→ Task details:
Beginning at the line that holds "A man with black", transcribe each line exactly through the end of the records, and leave any pictures out.
____
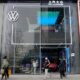 © Reuters. FILE PHOTO: People walk past an ID. Store X showroom of SAIC Volkswagen in Chengdu, Sichuan province, China January 10, 2021. REUTERS/Yilei Sun/File Photo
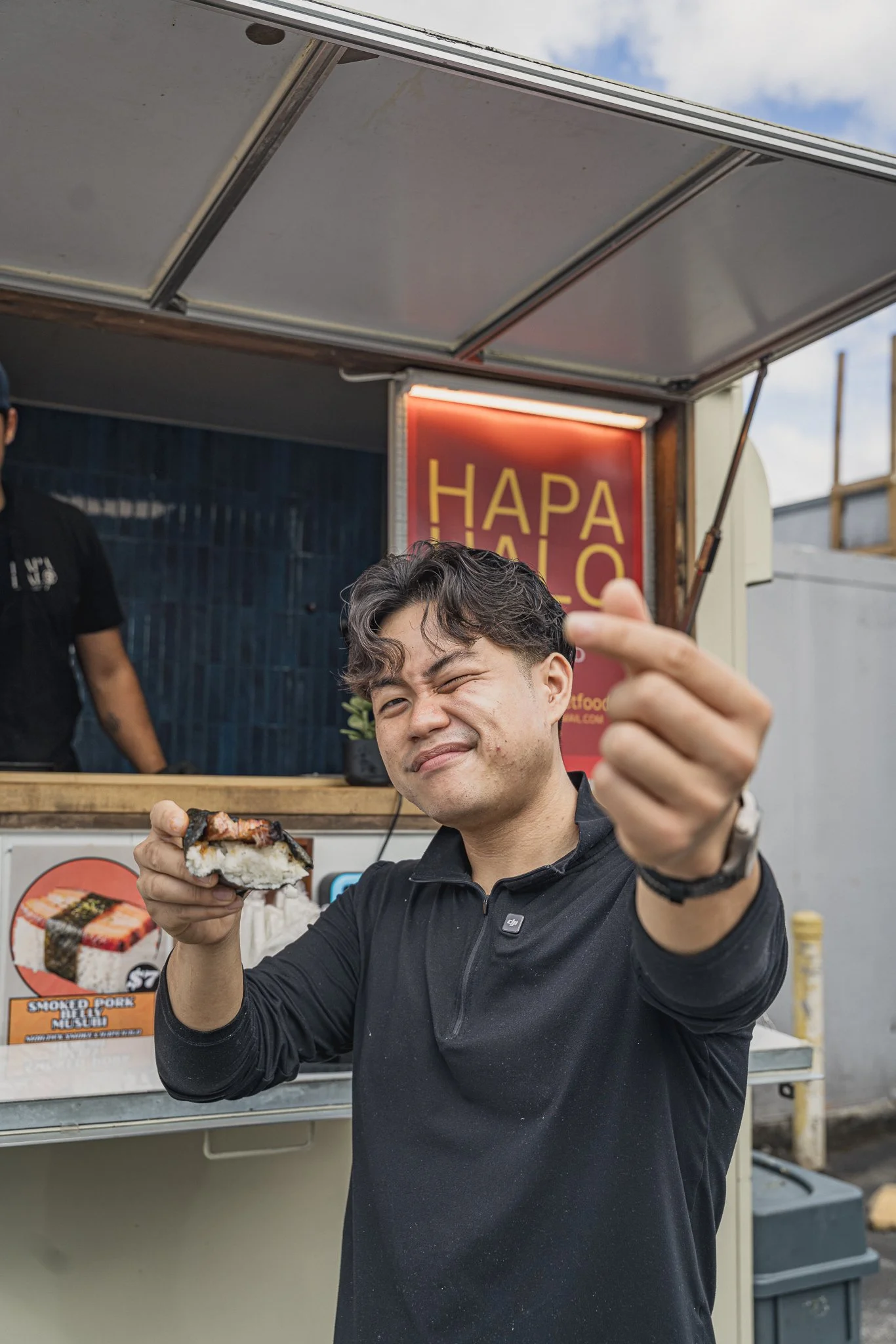 A man with black hair and a black shirt holding a sushi roll and making a peace sign. He is smiling and winking in front of a food stall with a red sign that says "HAPA HAO" and an image of smoked pork musubi.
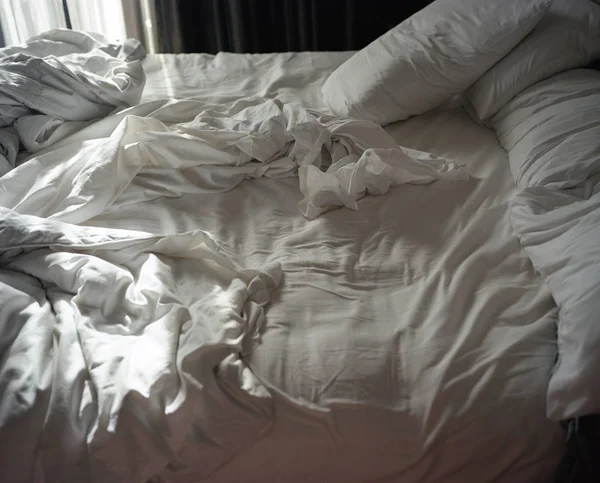 Несделанная спальная кровать под утренним солнцем — стоковое фото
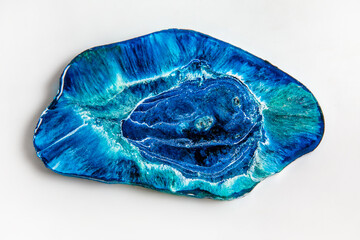 Handmade epoxy resin product: a stand for jewelry in the form of a blue sea with waves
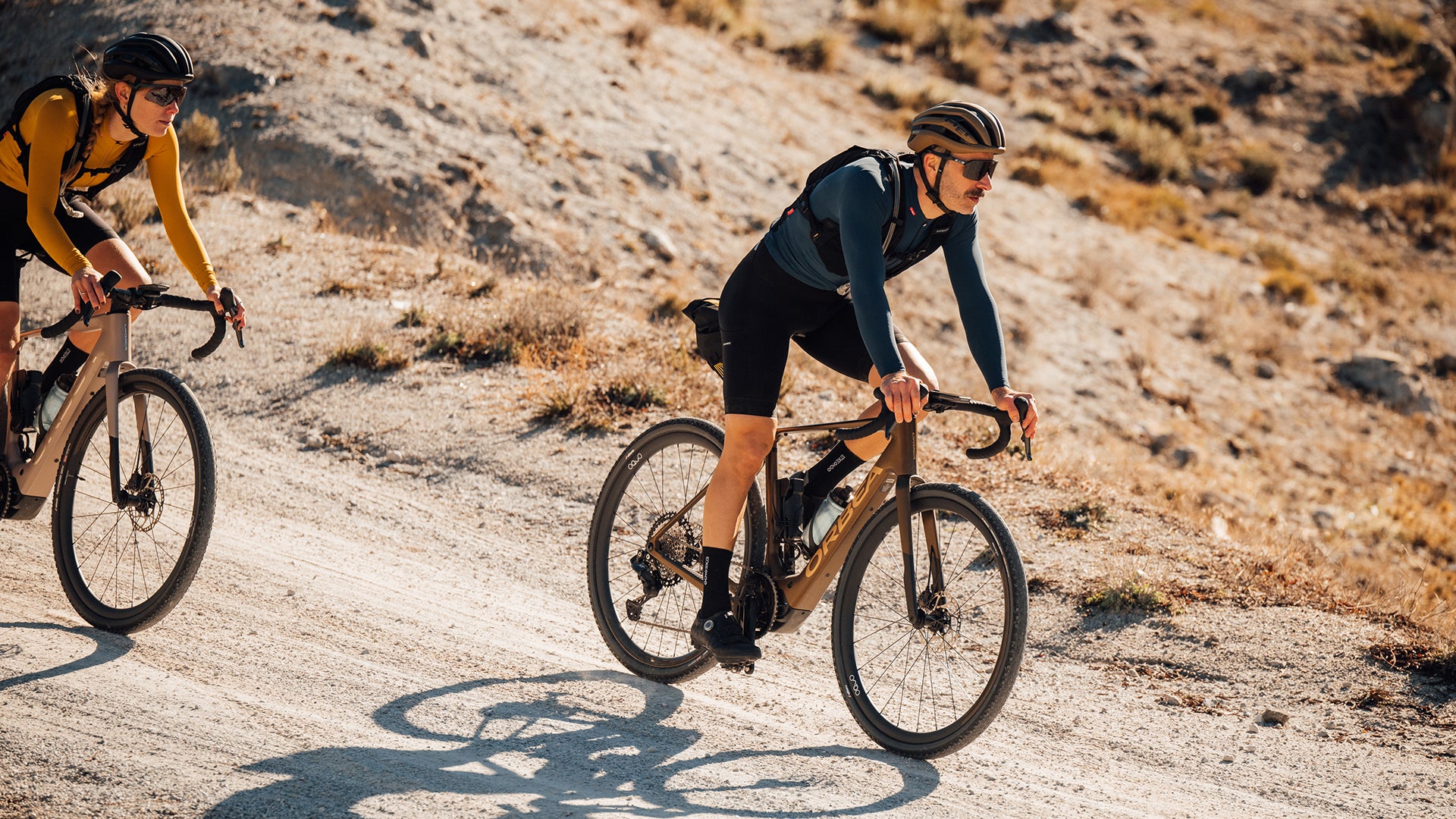 Two people riding the orbea denna electric gravel bike on some dirt roads.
____
→ Task solution:
 A man with black hair and a black shirt holding a sushi roll and making a peace sign. He is smiling and winking in front of a food stall with a red sign that says "HAPA HAO" and an image of smoked pork musubi.
 Несделанная спальная кровать под утренним солнцем — стоковое фото
 Handmade epoxy resin product: a stand for jewelry in the form of a blue sea with waves
 Two people riding the orbea denna electric gravel bike on some dirt roads.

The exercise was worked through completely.